• _What you need to do_
Locate the string "Beautiful" in the records below. Copy every line where it occurs.

[Opening Records supplied section]

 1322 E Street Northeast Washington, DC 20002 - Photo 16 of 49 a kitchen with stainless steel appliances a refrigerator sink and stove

[Closing Records supplied section]
[Opening Records supplied section]

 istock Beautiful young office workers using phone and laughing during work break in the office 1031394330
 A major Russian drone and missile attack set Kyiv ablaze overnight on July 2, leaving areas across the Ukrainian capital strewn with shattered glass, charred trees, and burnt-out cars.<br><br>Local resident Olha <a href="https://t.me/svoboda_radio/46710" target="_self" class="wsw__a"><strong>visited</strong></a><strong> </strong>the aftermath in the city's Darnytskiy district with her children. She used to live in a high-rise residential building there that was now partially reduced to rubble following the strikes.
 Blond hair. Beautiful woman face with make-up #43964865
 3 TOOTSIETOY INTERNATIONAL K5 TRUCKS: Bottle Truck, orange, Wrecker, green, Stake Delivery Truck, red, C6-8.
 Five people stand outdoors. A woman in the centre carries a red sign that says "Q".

[Closing Records supplied section]
[Opening Records supplied section]

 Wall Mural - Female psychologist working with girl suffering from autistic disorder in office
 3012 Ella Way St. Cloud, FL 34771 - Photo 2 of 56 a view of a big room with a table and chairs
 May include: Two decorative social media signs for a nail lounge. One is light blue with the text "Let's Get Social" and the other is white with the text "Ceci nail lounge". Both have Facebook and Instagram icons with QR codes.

[Closing Records supplied section]

• _Task answer_
 istock Beautiful young office workers using phone and laughing during work break in the office 1031394330
 Blond hair. Beautiful woman face with make-up #43964865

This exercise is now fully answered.